By Grant Martin, Kansas City Star Midwest Voices Columnist, 2009

Suffice it to say that I was not too surprised that Honduras didn't get as many blog postings as Michael Jackson or Governor Sanford. I was, however, surprised it didn't even get one!

Just in case you've turned your TV News off because you were tired of MJ stories- Honduras' president supposedly wanted to change the Constitution and serve for more years than allowed, the Supreme Court and Congress ruled that as illegal, he tried to hold a referendum, the Army refused, he fired the Army chief, the Supreme Court told him to reinstate the chief, he refused and had some group raid the warehouse that stored the referendum ballots, and so the Supreme Court ordered the military to arrest him and send him packing.

This seems like a Constitutional crisis to many. Tough to pick a good guy/bad guy. With his popularity at 30% maybe the Congress should have let him have his referendum- and then impeached him at the same time.

Instead, responding with Army troops- although making sense in many countries in that area of the world (Army is more trusted than other organizations), it sounded a lot like the embarrasing past. Leaders from many countries including Venezuela's Chavez (interestingly, since he himself once thought military action against his own country was justified) declared the act a coup and declared it unnacceptable (wonder if it would have been so unnacceptable if it would have been a conservative attempting to change the constitution...)
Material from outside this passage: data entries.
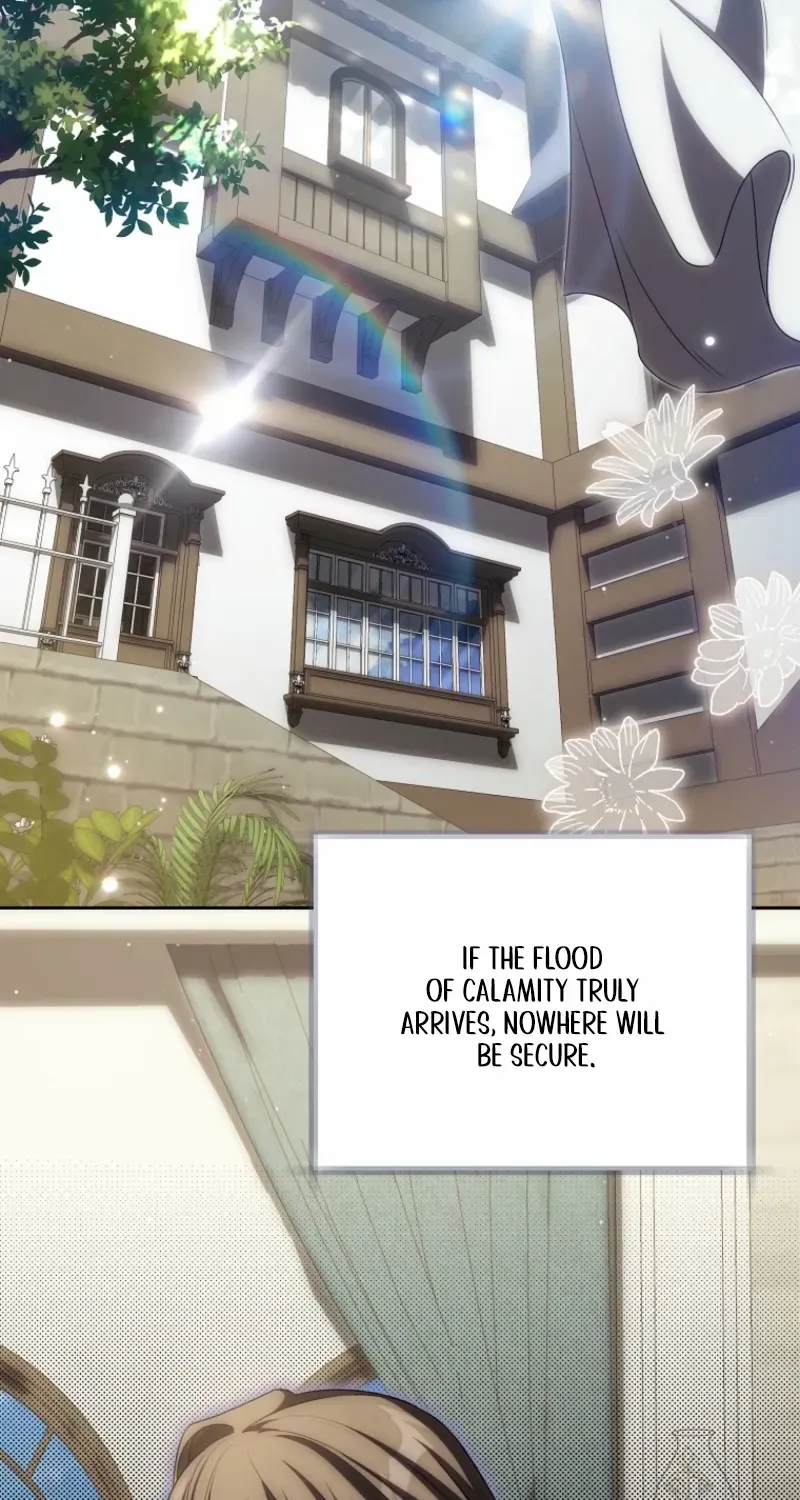 Read How to Get on the Main Character’s Flower Path chapter 19 image 41 on Lezhin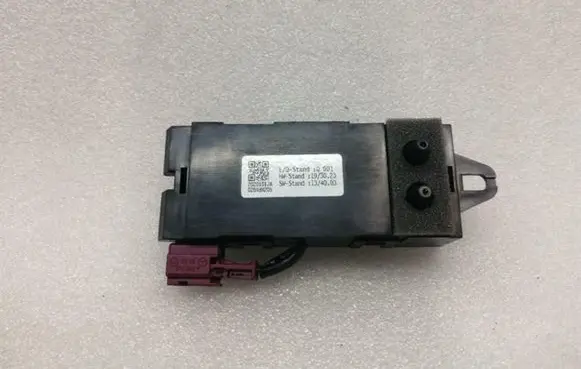 Mercedes-Benz EQC Other control units/modules A2058352500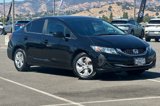 Used 2015 Honda Civic LX image 2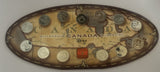 Lot of 2 1999 Canada Millennium 13-Coin Sets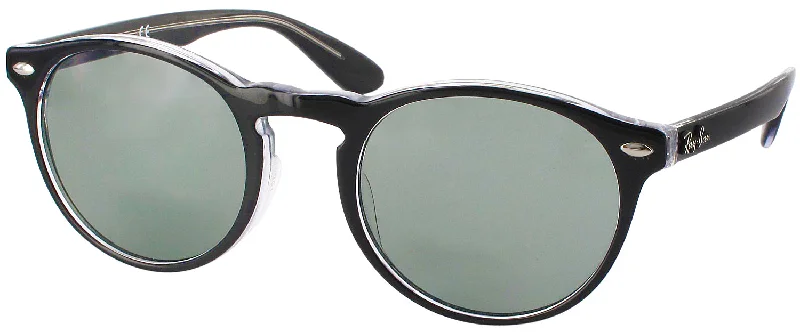 Ray-Ban 5283L Progressive Reading Sunglasses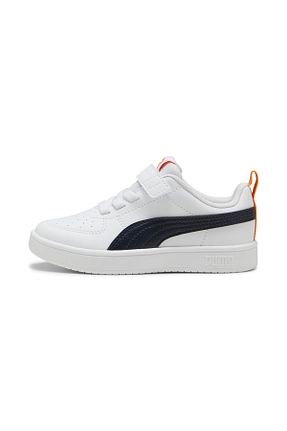 کفش اسنیکر بنفش زنانه پارچه ای Puma - کد 886838742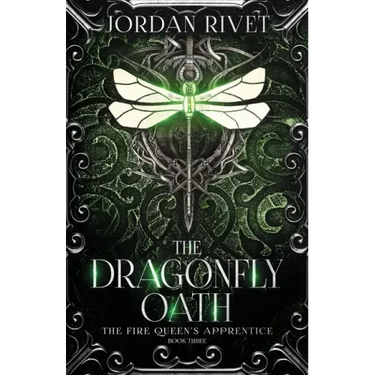 The Dragonfly Oath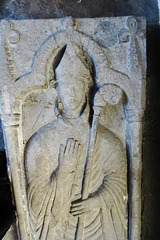 llandaff cathedral, cardiff, wales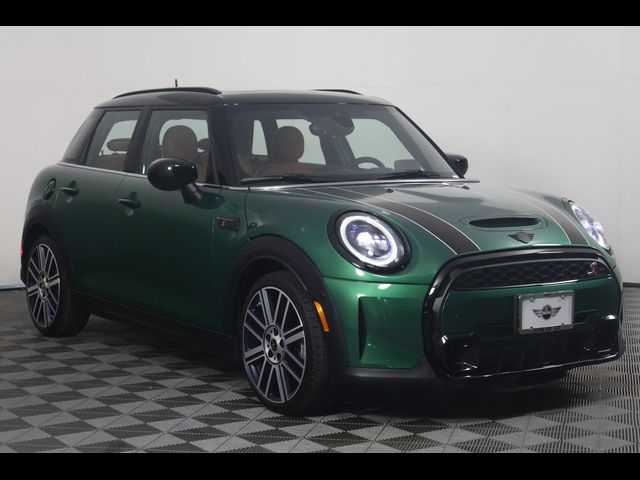 2022 MINI Cooper Hardtop S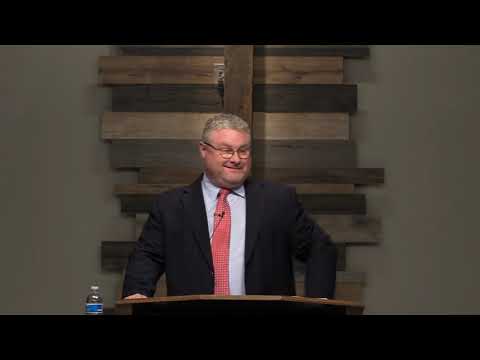 2021.04.11 - Bro. Paul LaFontaine - Behold What You Chose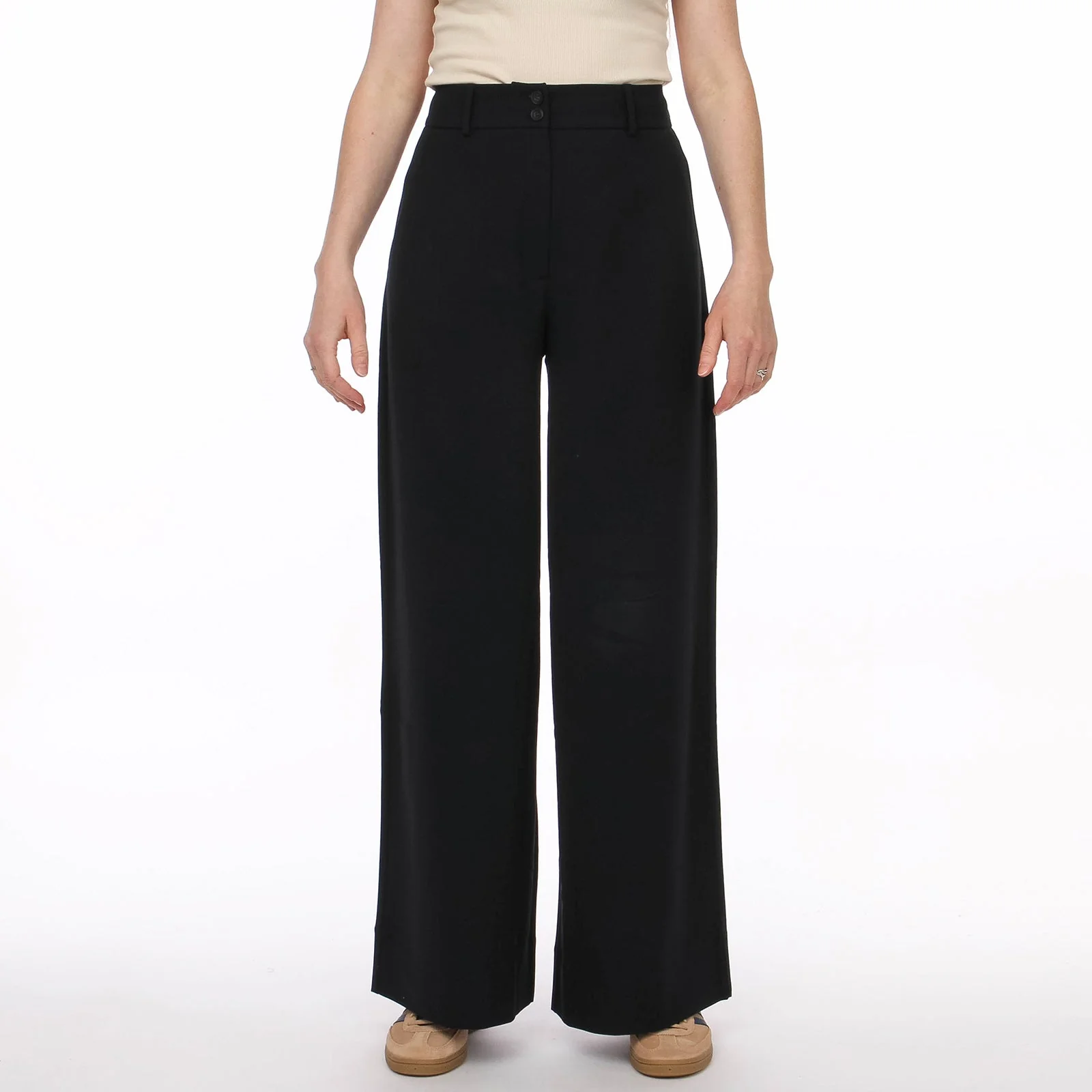 LauraFV Long 285 navy - Image 6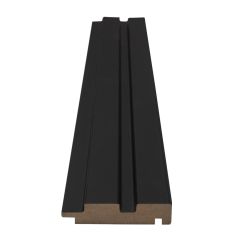 ΠΗΧΑΚΙ ΔΙΠΛΟ ΤΕΛΕΙΩΜΑ 505090 BEAT ST 16/77/2750 BLACK EDITION NewPlan - NewPlan |  Διακόσμηση τοίχου στο espiti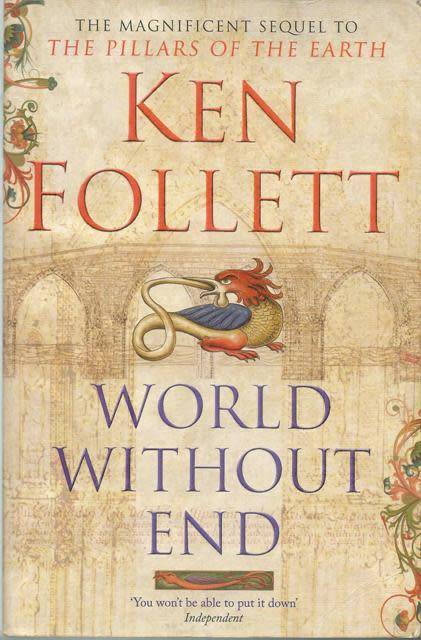 FOLLETT, Ken - World Without End - (Paperback)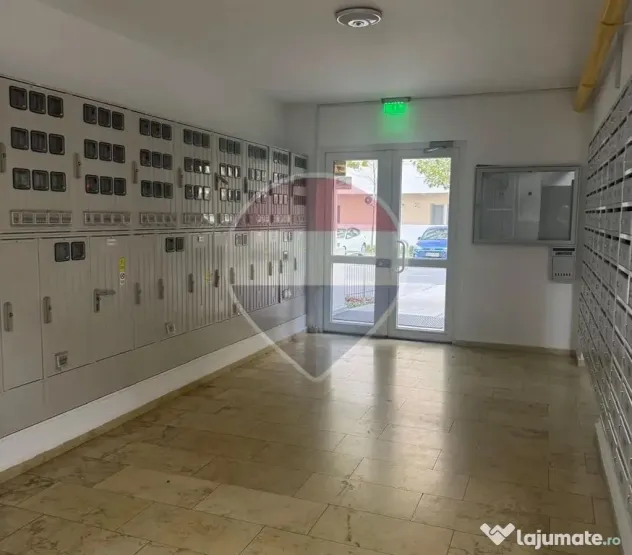 Inchiriere Apartament cu 3 camere Kristal Residence - Bucuresti (Bucuresti-Ilfov)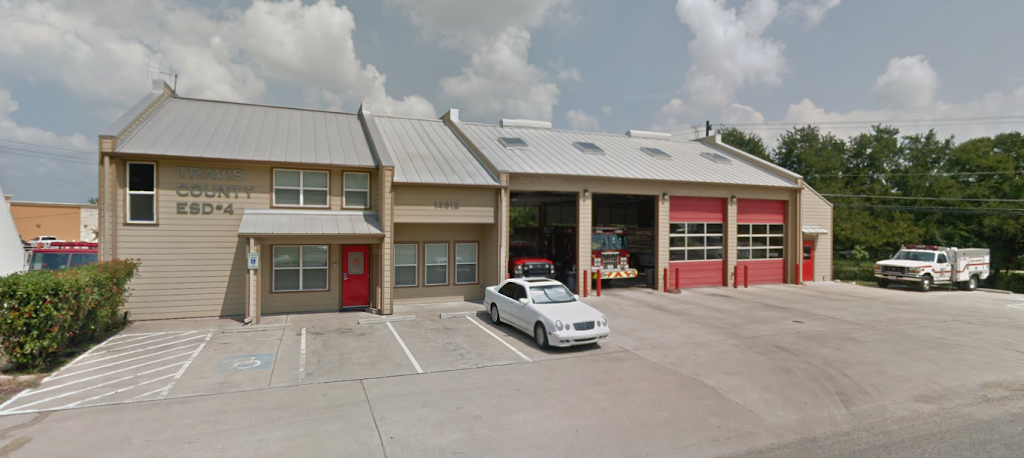 Travis County ESD 4 Fire Station 401/ATCEMS Medic 37 | 14312 Hunters Bend Rd, Austin, TX 78725, USA | Phone: (512) 974-0048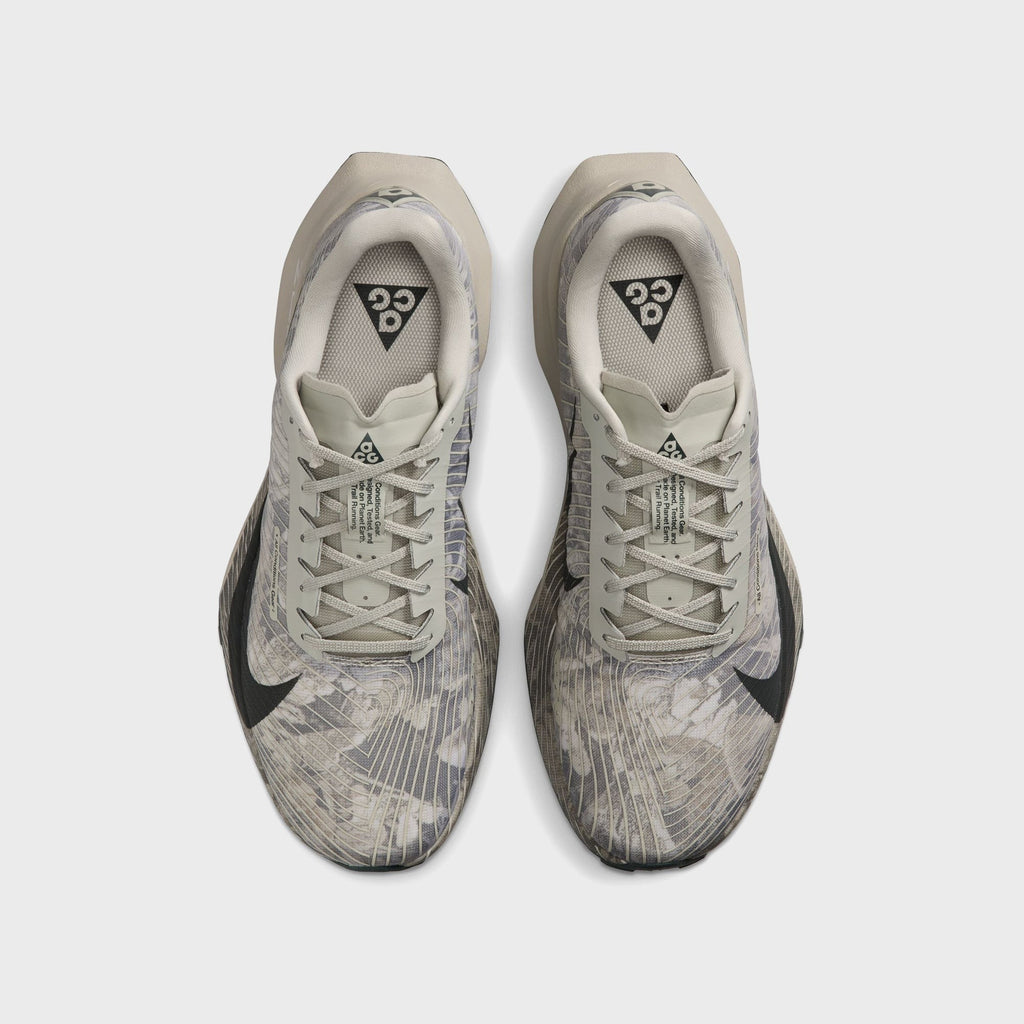 Nike ACG Ultrafly Trail - Spruce Fog / Sea Glass / Black Spruce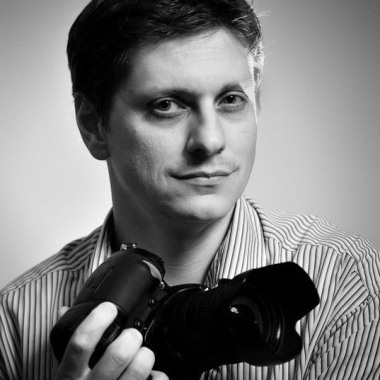 Sylvain Crouzillat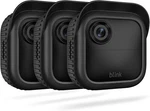 3 Pack Silicone Case For Blink Outdoor (4TH Gen) Camera Weatherproof Cover. Fixed Price $8.99.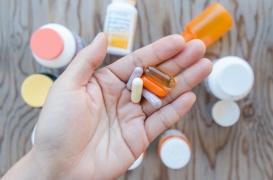 Vitamine D : attention, un excès peut entraîner une insuffisance rénale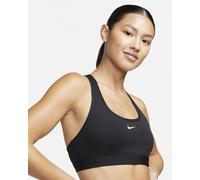 Nike - W nk swsh lgt spt bra #010 DX6817 L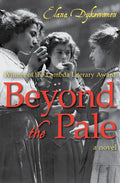 Beyond the Pale - Paperback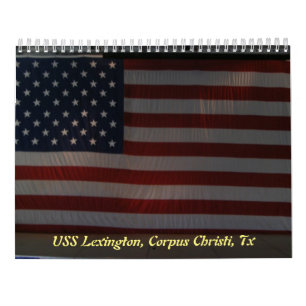 Avfyra apparaturen - minns 9/11 kalender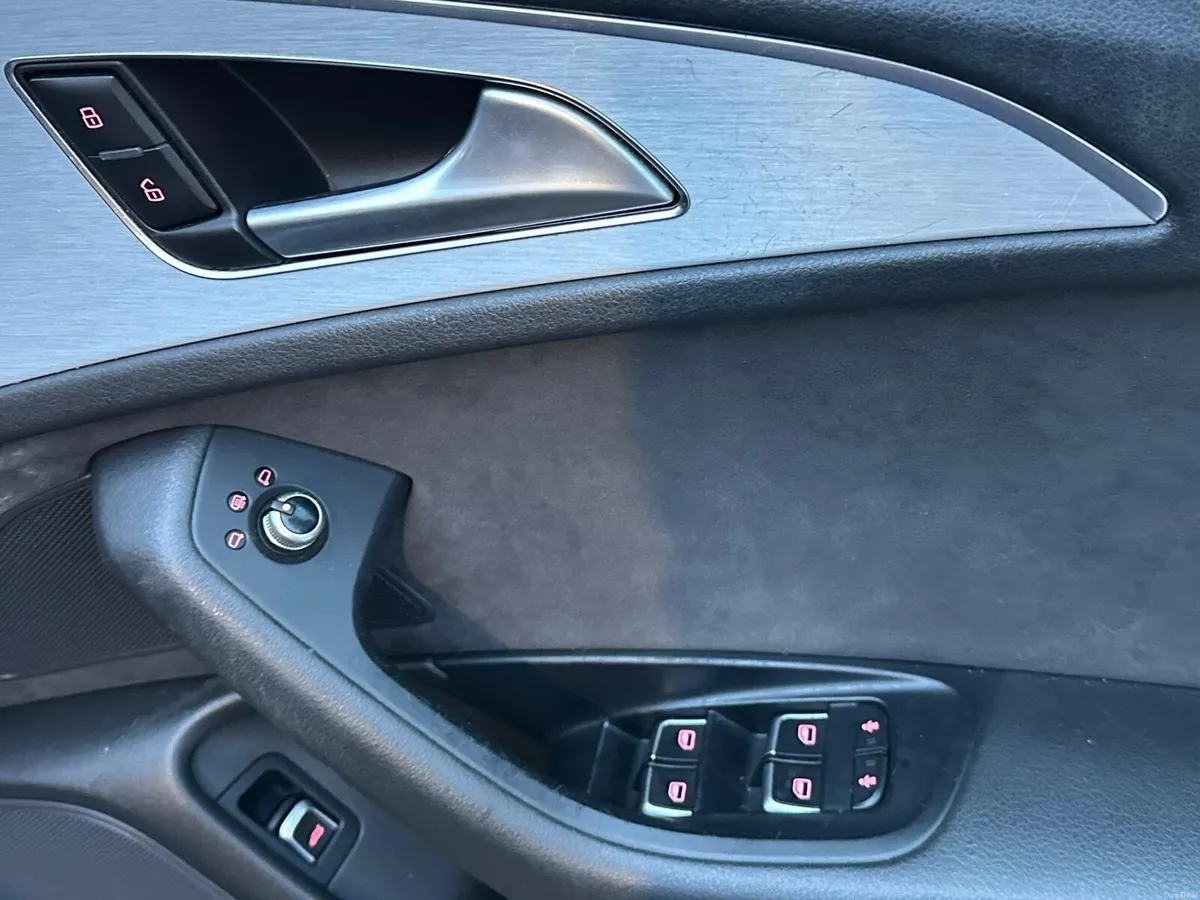 Audi A6 2016 - Image 2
Regardless, the U.S. finds itself in a tough situation. On the one hand, trying to make nice with Venezuela and the rest of Latin America means we can't be seen as supporting the so-called coup (is it a coup if the Supreme Court and Congress order it?). On the other hand, we have to be careful of seeming to object to a Supreme Court and Congress attempting to defend their constitution.

In the past, attempting to deal rationally with some actors in this area of the world has bitten us. We seem to think that all people act reasonably as perceived from our viewpoint, and are suprised when we get stabbed in the back. If the motivations of some leaders in Latin America are just to stay in power- their actions will not be consistent and will cause us to be embarraseed at best, ineffective at worst.